APLpy has quite a few features (some listed below – from the APLpy site) and is continuing to expand. Fortunately, there’s good documentation to accompany the features.

  • Make plots interactively or using scripts
  • Show grayscale, colorscale, and 3-color RGB images of FITS files
  • Generate co-aligned FITS cubes to make 3-color RGB images
  • Overlay any number of contour sets
  • Overlay markers with fully customizable symbol
  • Plot customizable shapes like circles, ellipses, and rectangles
  • Overlay coordinate grids
  • Customize the appearance of labels and ticks
  • Hide, show, and remove different contour and marker layers
  • Pan, zoom, and save any view as a full publication-quality plot
  • Save plots as EPS, PDF, PS, PNG, and SVG

The plotting package is under active development and there has been extensive interaction between the users and developers. We should be seeing some exciting features added to APLpy in the next few releases.

8 comments… add one
  • kelle Jul 20, 2009 @ 22:54

    can it make a sun symbol in postscript fonts!?! 😉

  • kelle Jul 20, 2009 @ 22:57

    I couldn’t access the APLpy gallery: https://sourceforge.net/apps/gallery/aplpy/index.php. It asked for a password…

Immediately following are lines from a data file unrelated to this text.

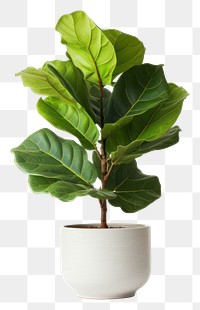 PNG Plant leaf tree houseplant. AI generated Image by rawpixel.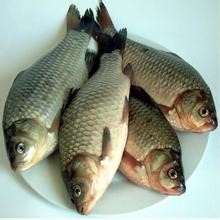 10种平民食物是长寿“仙丹”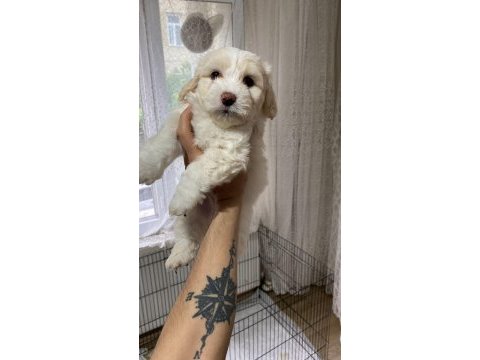 2 aylık erkek terrier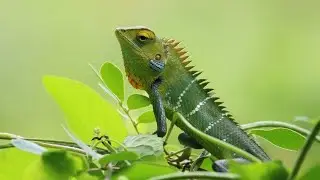Wonderful nature#alpharadius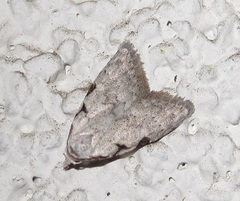 Nola triquetrana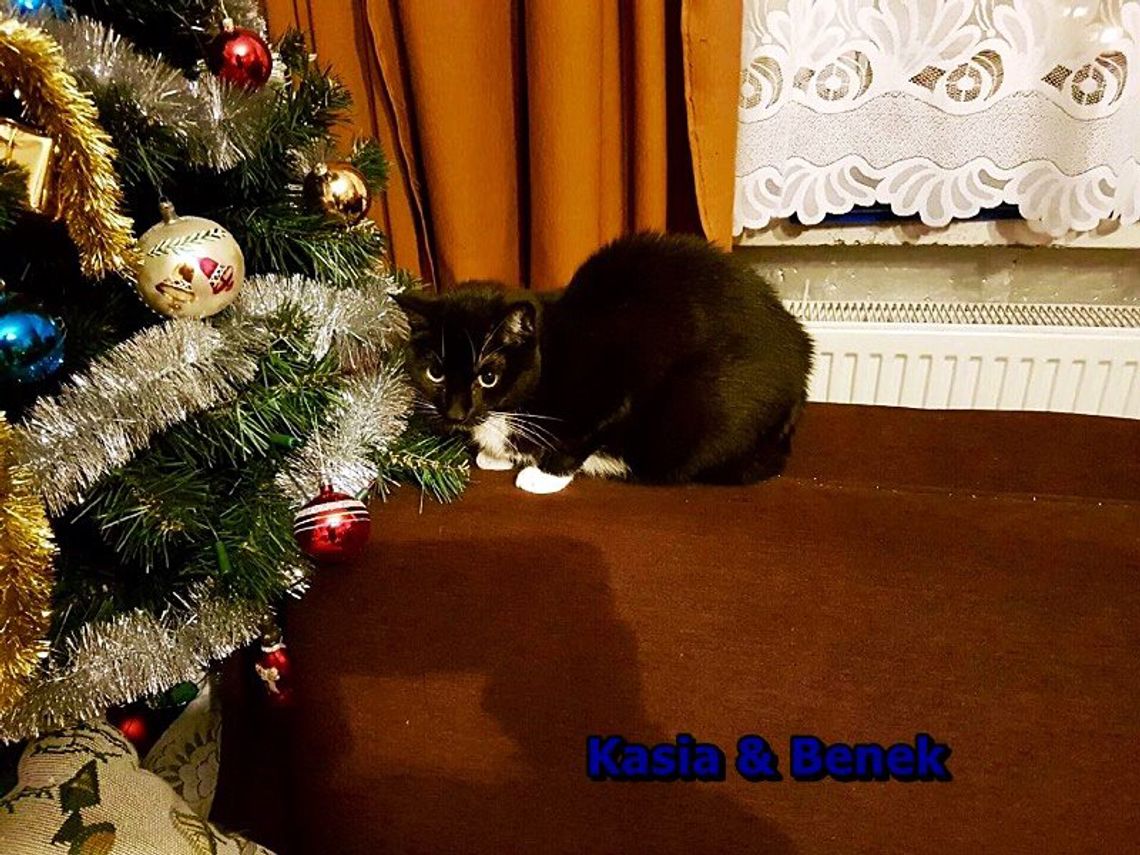 KASIA I BENEK PILNIE SZUKAJĄ DOMU KASIA I BENEK PILNIE SZUKAJĄ DOMU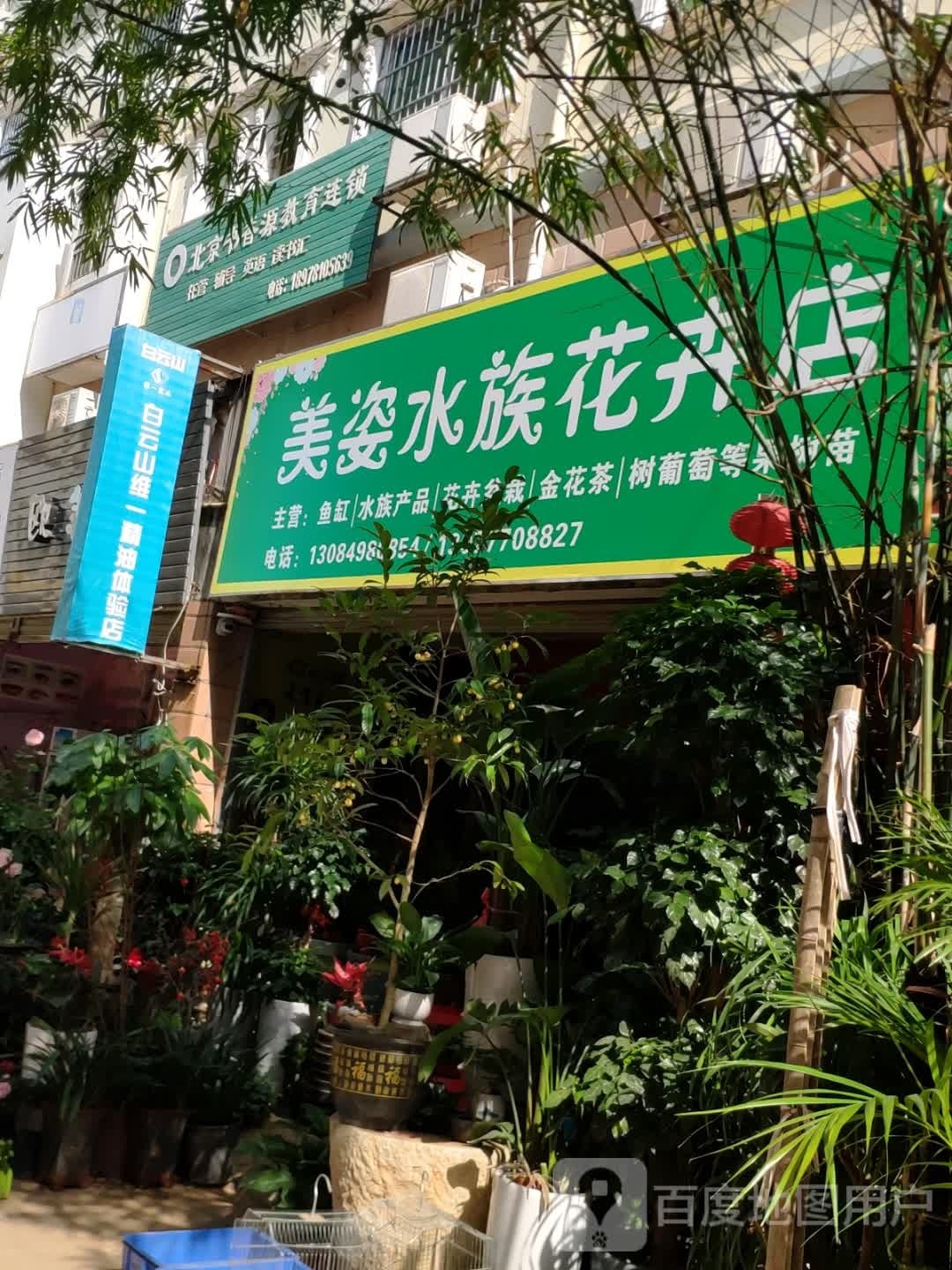 美姿水族花卉店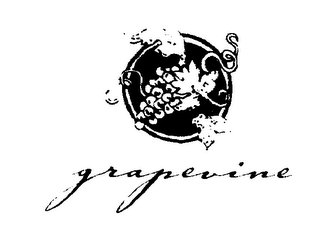 GRAPEVINE logo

  • Eli Jul 21, 2009 @ 5:54

    The link to the gallery has been fixed. It was not supposed to ask an email and password, so that was an error .

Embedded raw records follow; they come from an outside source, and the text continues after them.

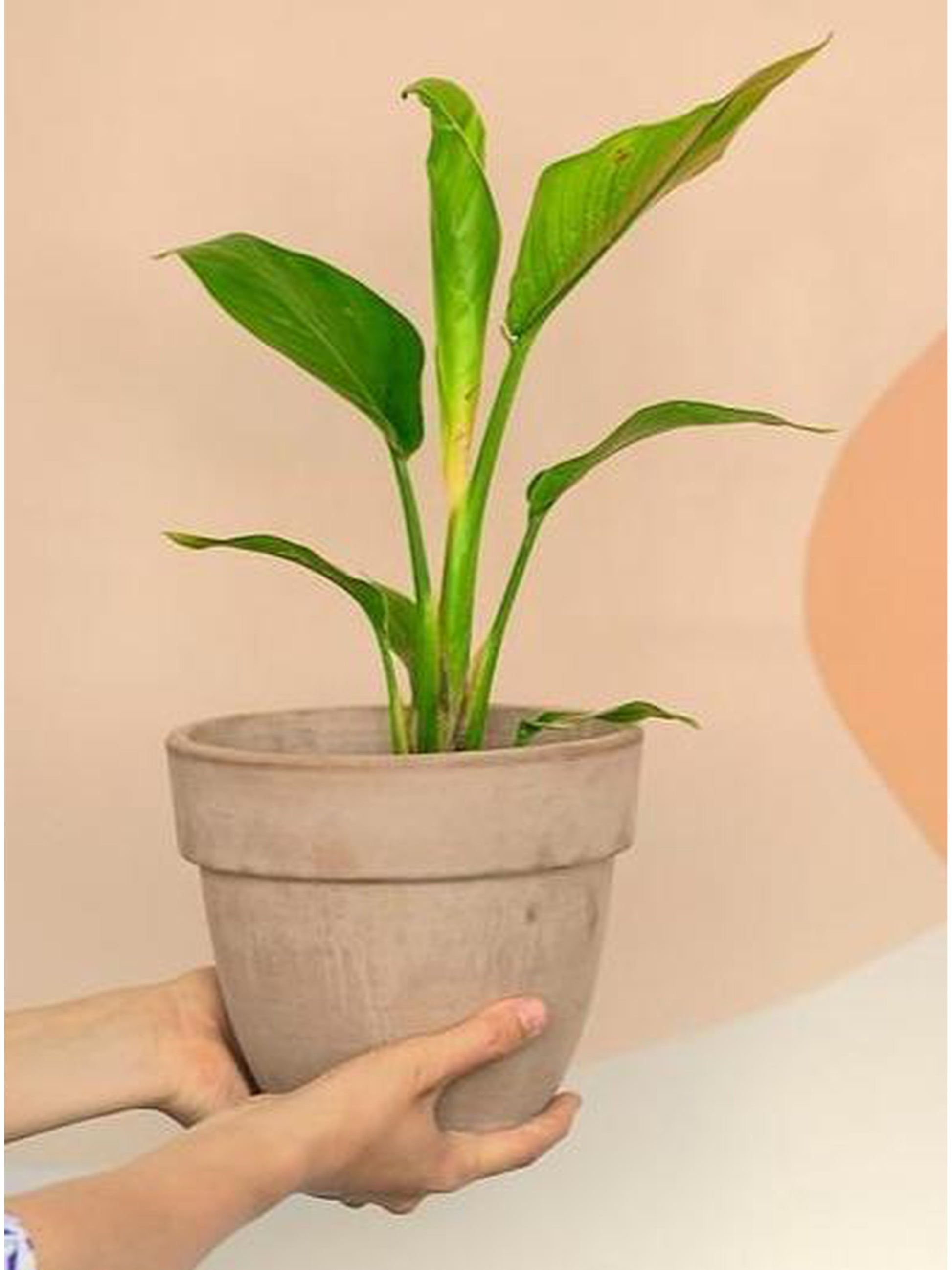 Jeune Perrine (Strelitzia)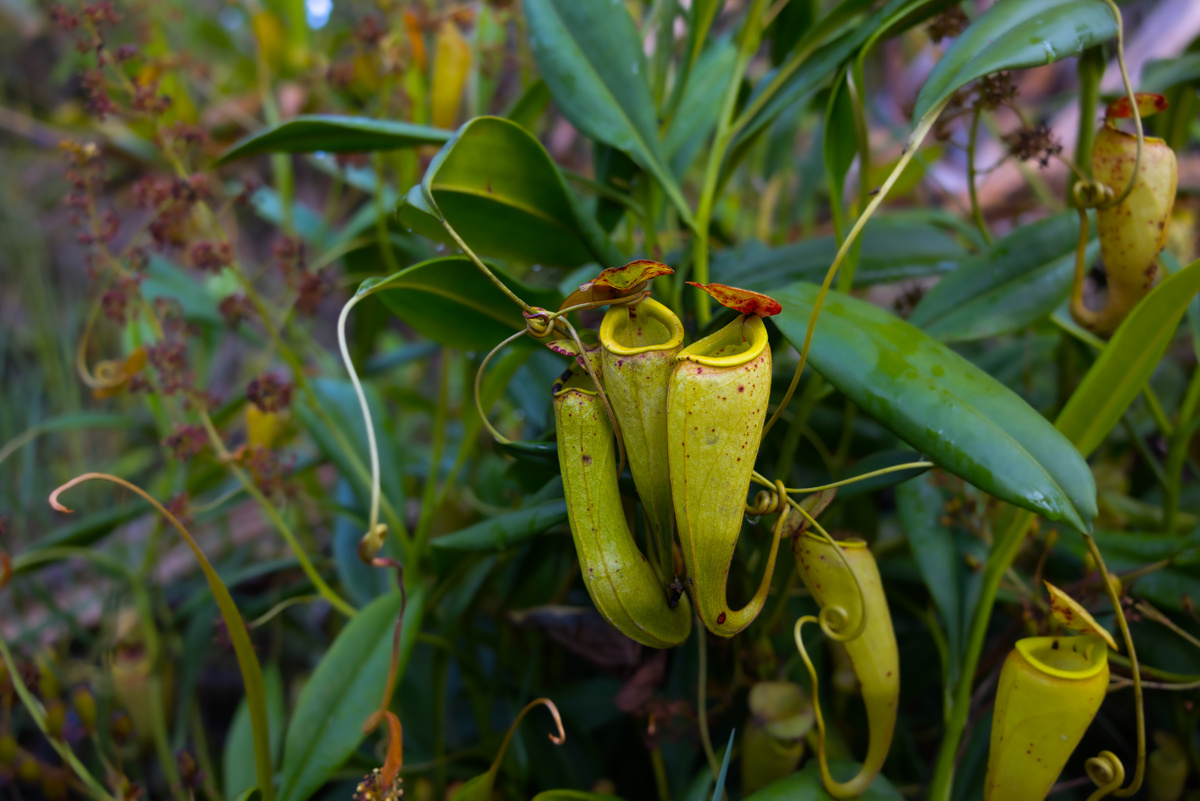 Непентес Грацилис, он же непентес изящный. Мы считаем, что вполне себе изящно.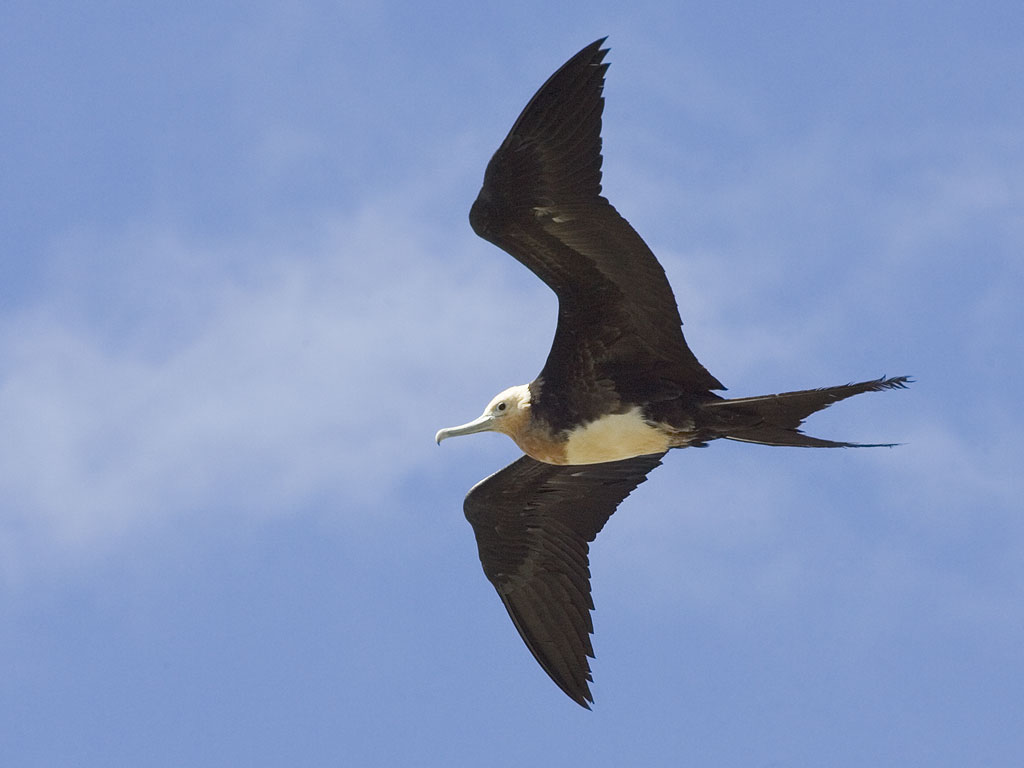 Frigate bird, Genovesa Island, Galapagos.  Click for next photo.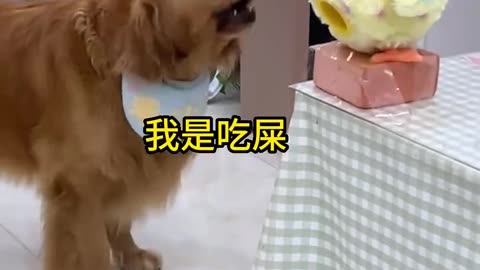 DOG AND CHICKEN FUNNY VIDEOS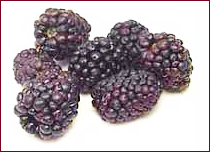 berries black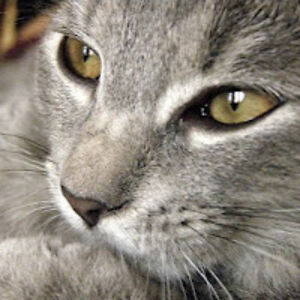 erzsebetjuhasz avatar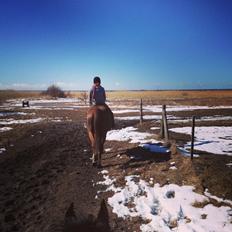 Dansk Varmblod Allie kat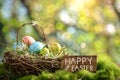 Happy easter irresistible Eggs Easter blessings Basket. White chocolate bunny Bunny easter egg hunt volunteers Egg ornaments Royalty Free Stock Photo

    Make a sun symbol in postscript fonts, now that’s a challenge! I’ll see if that can be done 😉

  • Jessica Jul 21, 2009 @ 15:56

    How does this compare to ds9 or matplotlib? Does it use matplotlib underneath? And is this an eventual ds9 replacement? Just curious how you see the new package fitting in.

    Can’t wait to play with it!

    You might request that it gets included with the scisoft astronomy application bundle.

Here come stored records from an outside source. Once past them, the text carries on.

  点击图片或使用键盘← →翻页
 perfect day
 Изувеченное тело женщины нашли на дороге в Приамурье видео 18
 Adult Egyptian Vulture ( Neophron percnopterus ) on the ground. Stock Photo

  • Eli Jul 21, 2009 @ 19:06

    Thank you for the suggestion about scisoft! I’ll look into that 🙂

    APLpy uses matplotlib, where its capabilities are extended for plotting FITS data. APLpy is not a replacement to ds9. In fact the APLpy developers are working with the ds9 team some projects.

    In my view, ds9 is a necessary and powerful utility to dynamically explore FITS data. APLpy is a high end Pythonic FITS plotting package. They could be used as complimentary tools for astronomers.

  • sjoert Jul 20, 2010 @ 8:54

    I’ve used APLpy to display optical images with radio contours and catalog overlays. I like it very much.

  • BF Nov 2, 2011 @ 3:33

    I am not sure if this is the right place to get help on APLpy. I don’t seem to find any help forum on the web. I am not a python expert. This program is very nice for making fits image plots. There are few features missing from APLpy. though. For example, I made a plot with fits image subplots. I was hoping to be able to set a universal title, x label and y label for the plot instead of x and y labels for individual subplots. Also, it would be nice if we could adjust the tickmark spacing for the colorbar and add a unit for it. At the moment, line width for the colorbar isn’t working.

    Since the above features aren’t available for APLpy, I am wondering if it is possible to import some features from matplotlib.pyplot and use them under APLpy? For example, I could somehow use axes.set_title from matplotlib. How?

  • Tom Nov 2, 2011 @ 9:04

    @BF – for help with APLpy you can use the relatively new Google group here. To request features, you can open a ticket here. To answer your question you can create a matplotlib figure and pass the instance variable to FITSFigure with figure=, which means you can then call all the normal methods like set_title.